Périgord Francés, 23 de agosto de 2026.- La casa de Benjamin Moser (Houston, 49 años) se encuentra cerca de las cuevas de Lascaux, en el Périgord francés. Desde hace 20 años, él y su pareja pasan meses en este entorno rodeados de glicinias, olivos, pinos, adelfas, una piscina y el canto de las cigarras. Moser, quien hizo el bachillerato en Francia y es cuatrilingüe, asegura que esta vida “previene la demencia”.

El autor acaba de publicar ‘El mundo del revés’ (Anagrama), un libro que le costó 20 años escribir y en cuyo proceso también elaboró las biografías de Clarice Lispector y Susan Sontag. Sobre la obra, Moser explica que trata sobre “una cualidad del alma” y “de lo que un pintor muestra de sí mismo en su pintura”. Añade que cuestionar tiene que ver con su origen americano: “Crecí rodeado de ideas que parecen estables hasta que aprendes a no dar nada por hecho”.
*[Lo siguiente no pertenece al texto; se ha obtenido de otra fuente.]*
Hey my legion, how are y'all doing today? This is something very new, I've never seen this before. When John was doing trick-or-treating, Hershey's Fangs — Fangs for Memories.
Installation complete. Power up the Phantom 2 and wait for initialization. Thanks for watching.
Su carrera literaria cambió radicalmente tras leer ‘La hora de la estrella’ de Lispector, texto que consideró “lo mejor que había leído en mi vida”. Aunque en la universidad intentó aprender chino y fracasó, pensó que sabiendo español y francés el portugués sería más fácil. “Me obsesioné, fui a Brasil y quise hacerla famosa”, relata. Dedico cinco años al libro sobre la escritora, quien creció en Recife y supo con siete años que sería escritora, cobrando apenas 8.000 euros. “Si eso no es pasión…”, sentencia Moser, quien entonces vivía de traducir o escribir sobre un restaurante por 1.000 dólares.
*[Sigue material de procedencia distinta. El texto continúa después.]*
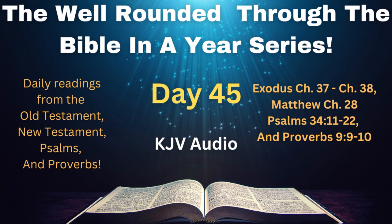This is the sum of the tabernacle, even of the tabernacle of testimony, as it was counted, according to the commandment of Moses, for the service of the Levites, by the hand of Ithamar, son to Aaron the priest. And Bezalel the son of Uri, the son of Hur, of the tribe of Judah, made all that the Lord commanded Moses. And with him was Oholiab, son of Ahisamach, of the tribe of Dan, an engraver, and a cunning workman, and an embroiderer in blue, and in purple, and in scarlet, and fine linen.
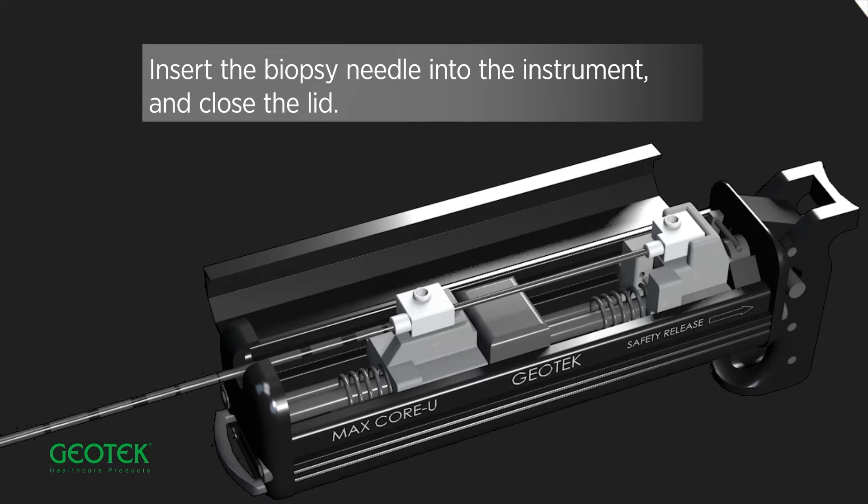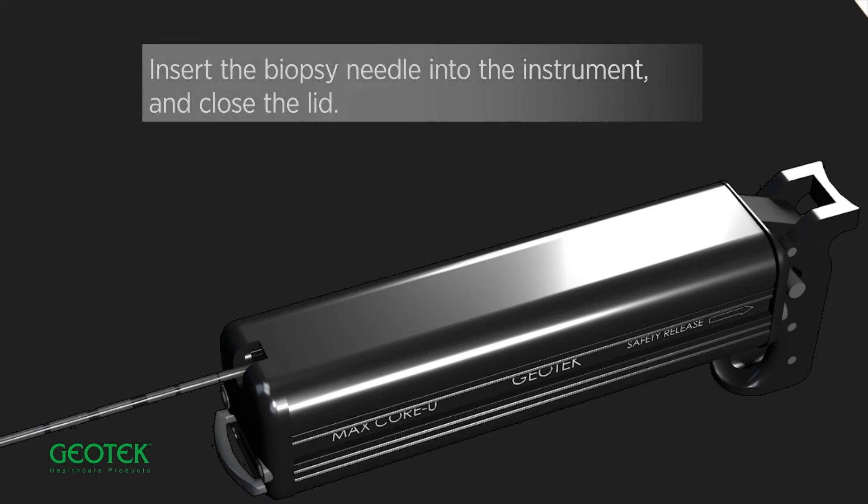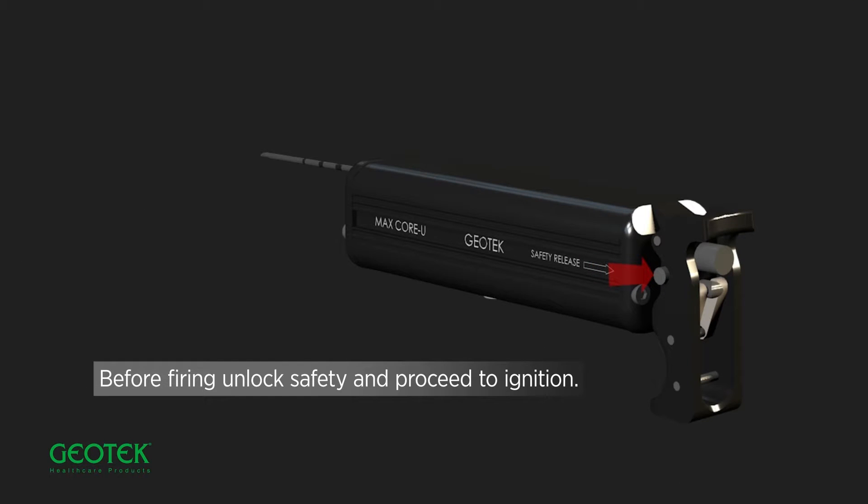Insert the biopsy needle into the instrument and close the lid. Before firing, unlock the safety and proceed to ignition.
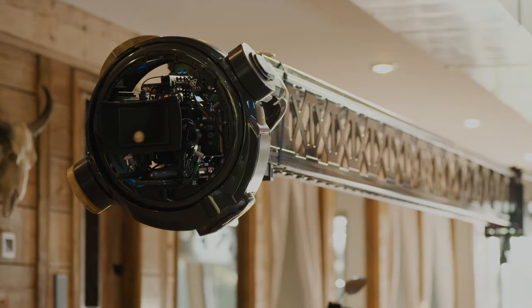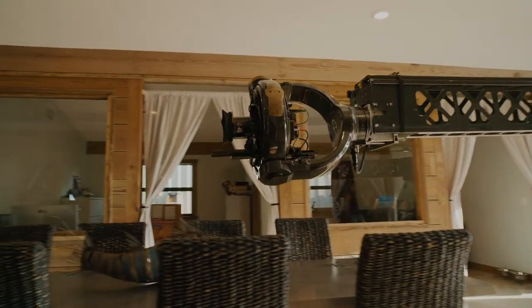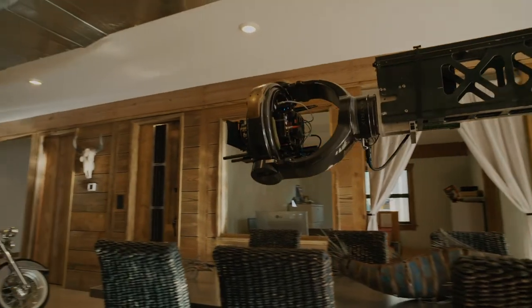Let me start with the 75, which you just experienced with 63 feet of telescopic range. That's a 63-foot dolly move without laying any track.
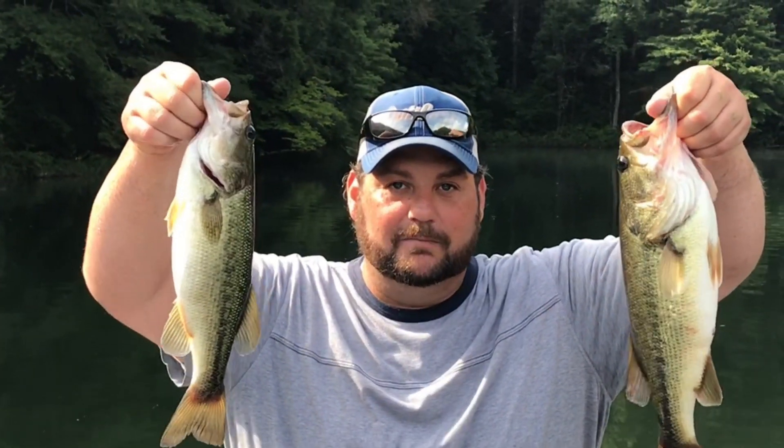Hey, Bass Geek here. I got my buddy Tyrone manning the camera for me right now. We're catching them on deep swim baits.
Clarice Lispector le dio una carrera que le sirvió para que, con 25 años, le encargaran la biografía de Sontag, “otra escritora judía”. Pero la base de su trayectoria se remonta a cuando tenía 23 años y trabajaba en una editorial de Nueva York. Fue entonces cuando conoció a Arthur, de 43 años. “Mi jefe no sabía de qué hablar con un autor y me pidió que los acompañara a comer… La base de mi carrera es esa: sé cómo hablar con la gente”, recuerda. La noche antes de ese encuentro leyó la novela de Arthur ‘El negro que tenía un corazón blanco’: “Los libros reflejan cómo somos. Me fascinó. Pensé: es un anciano y… ¿por qué no?”.
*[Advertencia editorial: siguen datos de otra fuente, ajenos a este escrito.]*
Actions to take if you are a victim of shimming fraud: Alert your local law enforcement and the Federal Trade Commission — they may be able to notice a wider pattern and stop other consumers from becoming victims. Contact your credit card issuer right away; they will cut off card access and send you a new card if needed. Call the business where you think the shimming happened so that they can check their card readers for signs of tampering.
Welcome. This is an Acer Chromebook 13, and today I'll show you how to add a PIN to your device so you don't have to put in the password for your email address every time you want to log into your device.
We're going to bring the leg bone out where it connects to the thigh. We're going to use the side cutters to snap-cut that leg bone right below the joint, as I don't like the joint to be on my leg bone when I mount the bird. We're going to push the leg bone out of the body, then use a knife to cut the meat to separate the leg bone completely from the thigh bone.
Moser, quien vivió en Venezuela con 18 años, compara aquel país con una paradoja temporal: “Venezuela era como si hoy Dubái quedara paralizada y regresaras 30 años después”. Desde su perspectiva, “los norteamericanos creemos en el progreso de la historia, no como el resto del mundo que sabe que es cíclica. Por eso nos va a destrozar lo que está pasando”. Para el escritor, “no se puede escribir sin pasión. Se puede sin transmitir, lo hace la inteligencia artificial. Pero el objetivo del arte es transmitir. Quieres que los lectores vean lo que tú ves”.